Total de visualizações de página (desde out/2009)

sexta-feira, 3 de abril de 2026

A pseudociência instrumentalizada para a tentativa de legitimação de discursos racistas

A canção Maria, Maria - do cantor Milton Nascimento- faz uma homenagem à resiliência inerente à mulher, sobretudo à afrodescendente, a qual é vítima de diversos tipos de violência - simbólica, física, sexual e racial. Diante desse cenário, a música apresenta a afrodescendente como sujeito de resistência ao romper com o paradigma de determinismo patológico de cunho positivista - evidenciado pela sexualização dos corpos - e de submissão, a qual é amplamente retratado na teledramaturgia por meio da atuação do elenco negro majoritariamente em papéis de sulbalternidade, de pobreza e de marginalidade. Dessa forma, é explícita a tentativa de legitimação de discursos racistas pela banalização da realidade alheia e de suposta justificativa científica para a prevalência de tal postura.

  Sob essa óptica, infortunadamente, verifica-se que a exclusão da população negra perpetuou-se de maneira implícita por intermédio da estrutura social, a qual busca se legitimar por via da pseudociência que objetiva materializar o racismo e justificá-lo.  Nesse contexto,  a escritora portuguesa Grada Kilomba ressalta em "Memórias da plantação: episódios do racismo no cotidiano" o julgamento sofrido por ser negra e os obstáculos impostos na tentativa de acesso à universidade, além da dificuldade de aceitação de suas produções acadêmicas, em razão do questionamento quanto à veracidade e ao valor das conclusões de suas pesquisas.
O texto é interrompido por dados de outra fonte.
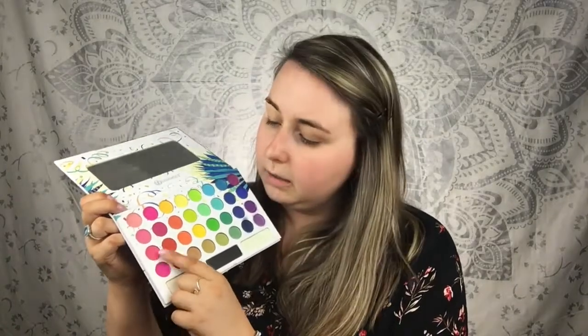Since it is almost the end of summer, I want to do one more bold colorful look. To start off today I'm using the BH Cosmetics Take Me Back to Brazil palette since this has a wide range of colors in it. I'm going to be using this bright orange, this pink right here, and this red — we're just going to kind of blow out the crease with those three colors.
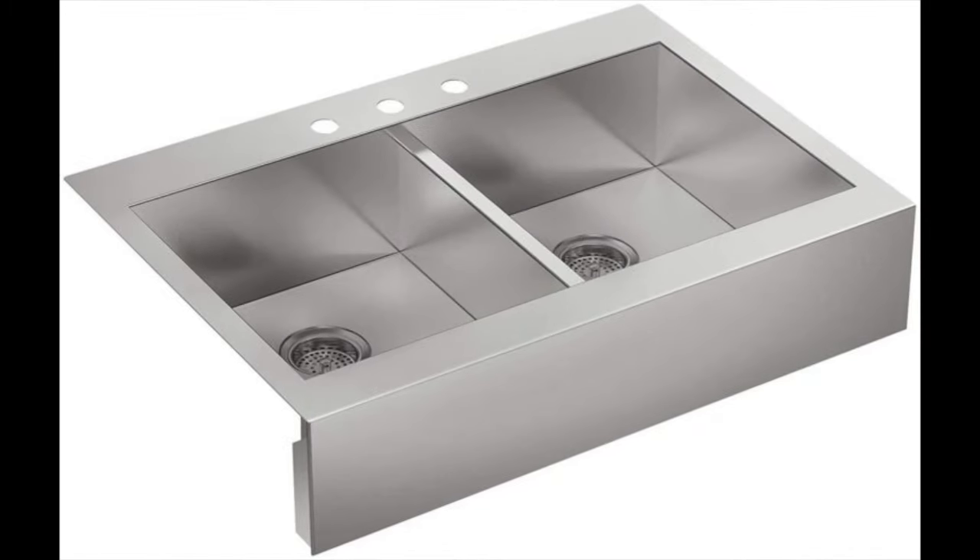And now for thefreshness.com apron front sinks to avoid. First, the Vault Top Mount Double Equal Bowl Kitchen Sink with Shortened Apron Front by Kohler. If you dislike scratches on your sink, this will drive you up the wall. The sink looks beautiful but it scratches easily — something as simple as fingernails may leave marks. How easily it scratches is disappointing especially for a reputable brand like Kohler. The drainage also has issues and may at times take extra effort to drain. All in all, this is a sink to be avoided.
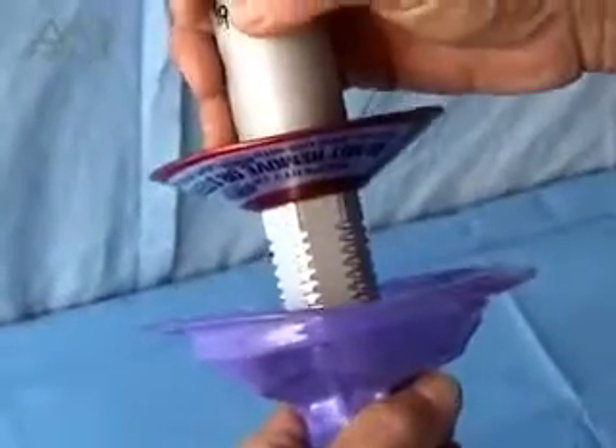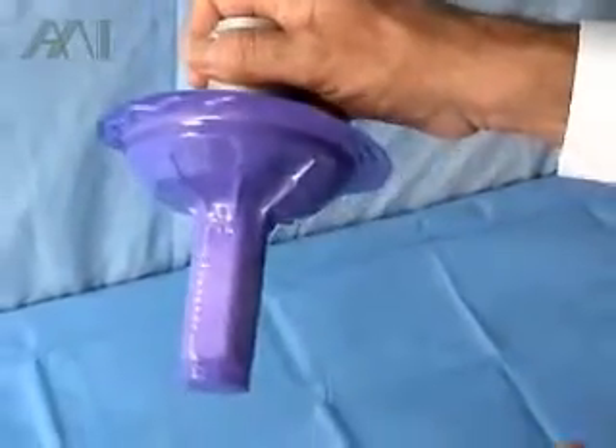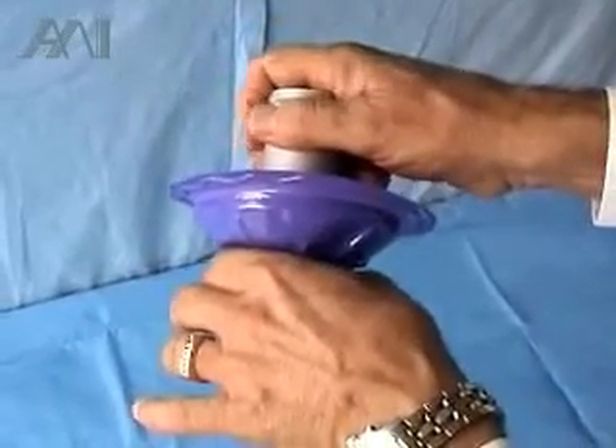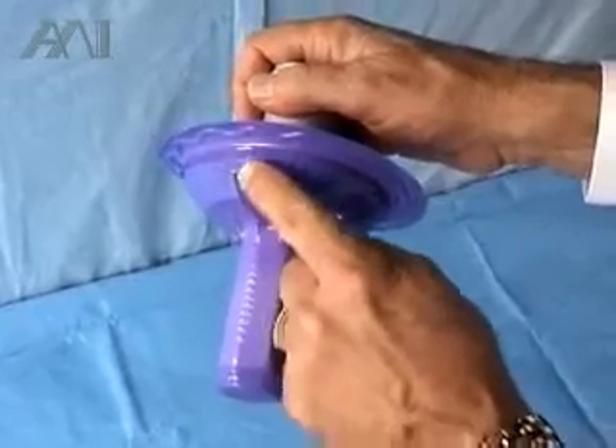The first operation is twisting the cover on the light as far as it goes. You can see it was easy because a lot of force and ribs are helping you, supporting you with the right force to apply it on the light. There is a vacuum created here.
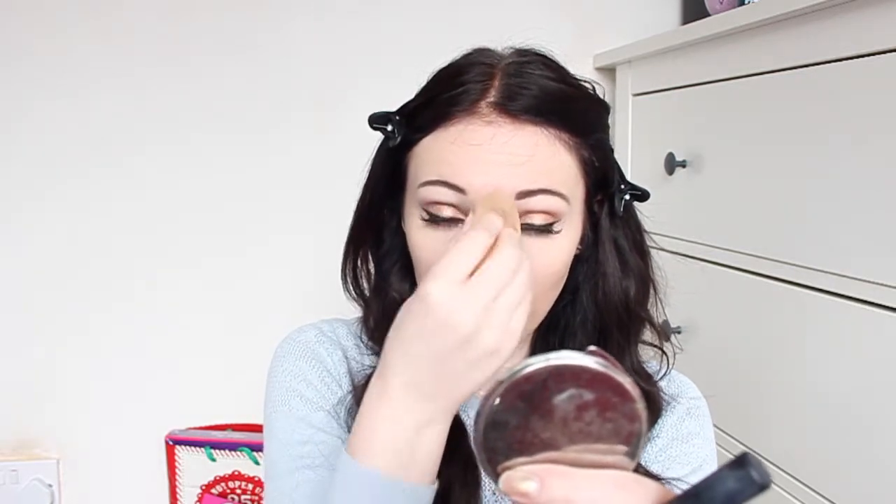Now the eyes are done, moving on to the rest of my face. For bronzing and contouring I'm using my Rimmel Sun Shimmer in the color Light Matte — this is the shade I always use. I'm contouring my cheeks and going up to my forehead, then also contouring down the sides of my nose to give the illusion of a smaller nose. For my blush I'm using my Makeup Gallery Blush in shade Candy Floss, number two — it's a gorgeous pink, great for pale skin. It's only a pound from Poundland and the pigmentation is amazing.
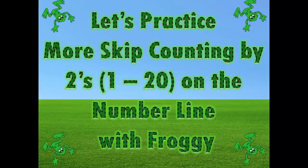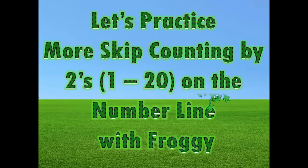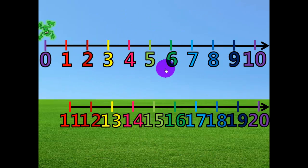Let's practice more skip counting by twos, 1 through 20, on the number line with Froggy the Frog. This is a number line, and it has numbers on it. Remember Froggy the Frog? He will be jumping on the number line by twos. Ready, Froggy?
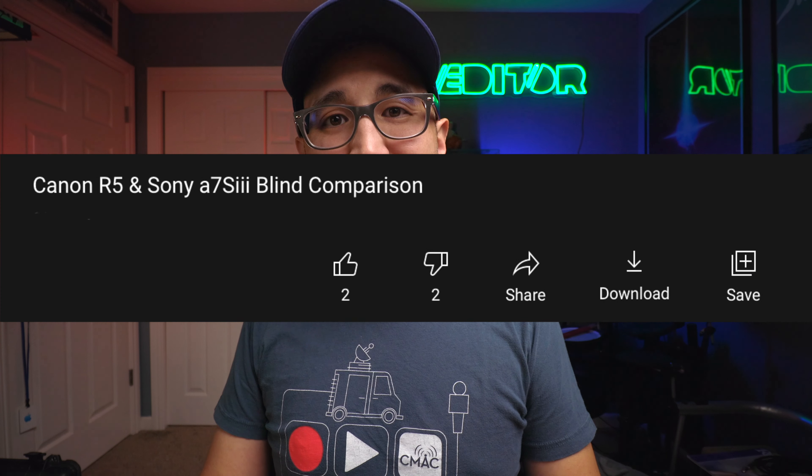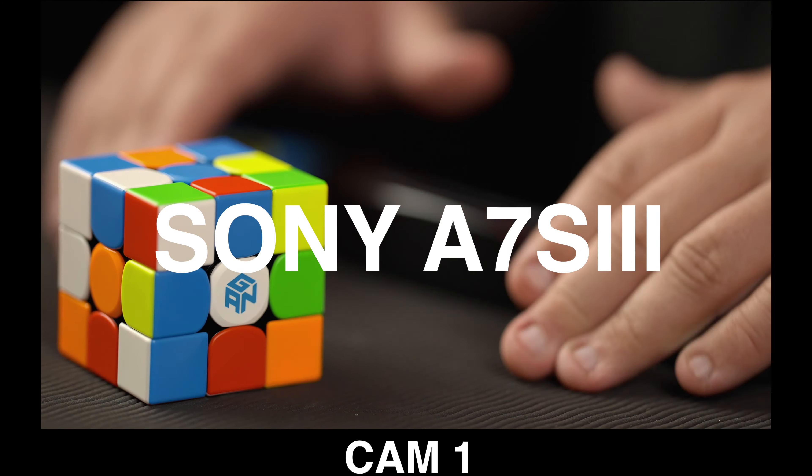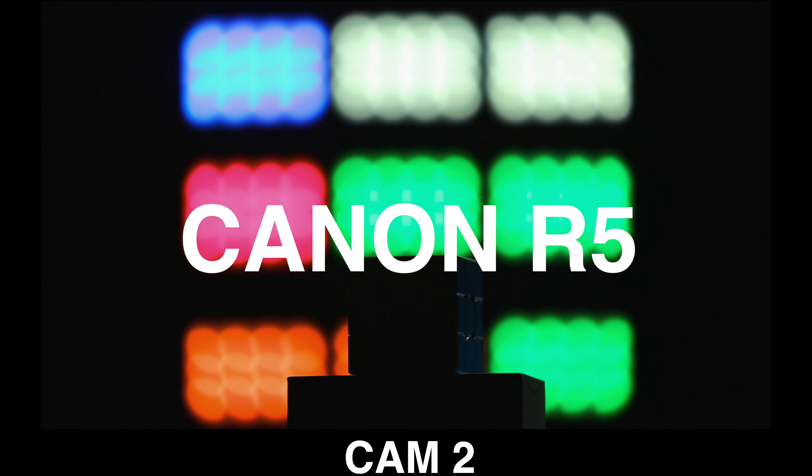Just got home and I realized some people didn't like yesterday's video — I already got thumbs down on it. I think that's probably because it's a comparison video and I didn't say which camera was what. So I'm going to come right out and say it: camera one was the a7S III and camera two was the R5. I think they are both great cameras and they both did a good job. They have a little bit of a different look.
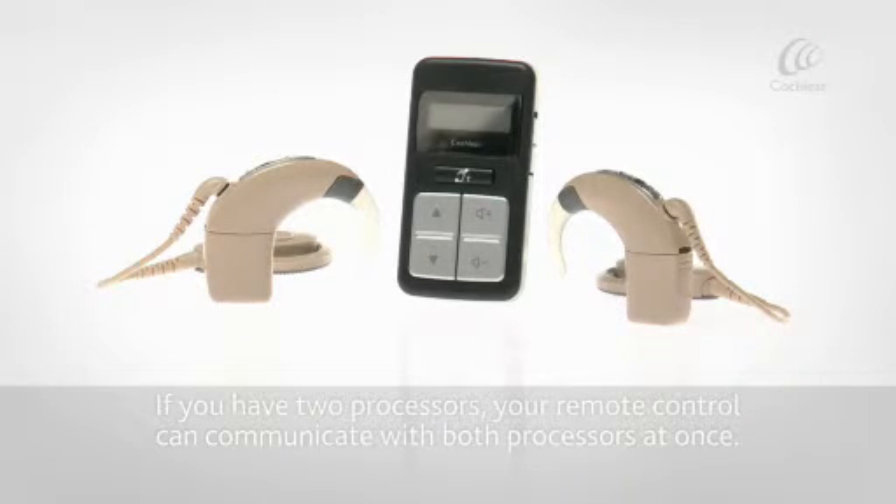If you have two processors, your Remote Control can communicate with both processors at once.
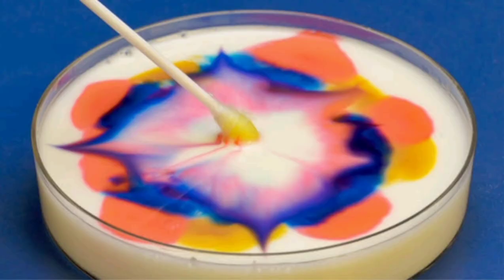Hello everyone, welcome to another video of the Art of Speed. In this activity we will learn two concepts of science: the first one is the concept of surface tension, and the second one is the concept of cohesiveness.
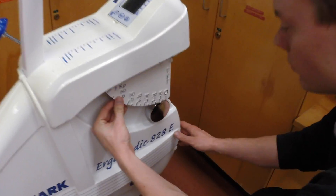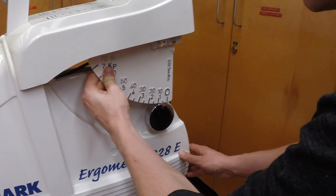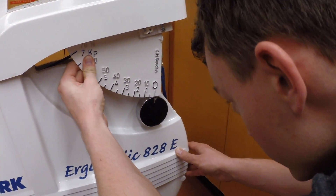Next, calibrate the cycle ergometer. Make sure the client's feet are off the pedals and adjust the gauge so that the marks line up at zero.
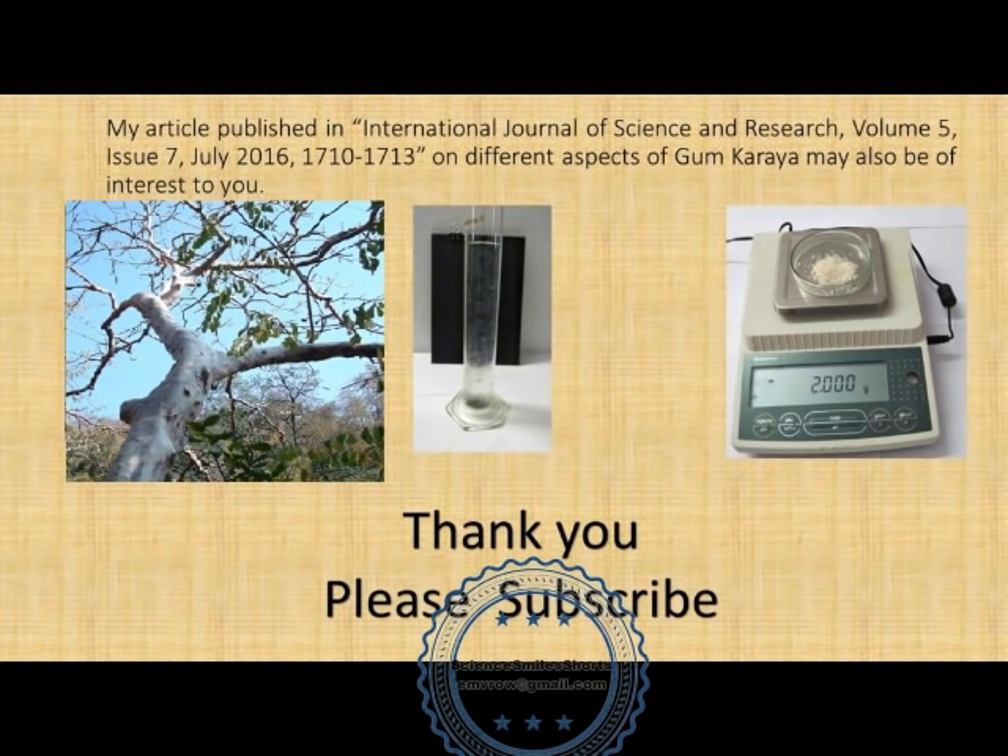I hope you liked the video. I gave reference to one of my publications on this subject, which may be of interest to you, shown at the top of the slide. Thank you for watching the video and please subscribe.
Ou seja, o sistema institucionalizado positivista almeja o estabelecimento do que é ciência por perspectivas elitistas alegando a detenção exclusiva da verdade de um modo dito objetivo, que, no entanto, acaba por subjetivamente desconsiderar visões da alteridade. Nesse aspecto, a individualidade restringe o sujeito da elite ao seu próprio plano e o que é exterior é visto como exceção distante da verdade concreta "universal". Desse modo, o panorama, tanto nacional quanto internacional, demonstra contradições devastadoras de perpetuação do racismo, visto que os diálogos fomentadores do fortalecimento do protagonismo afrodescente têm se limitado ao âmbito teórico com ínfima aplicabilidade, em razão da mentalidade arraigada “justificada por argumentos científicos”.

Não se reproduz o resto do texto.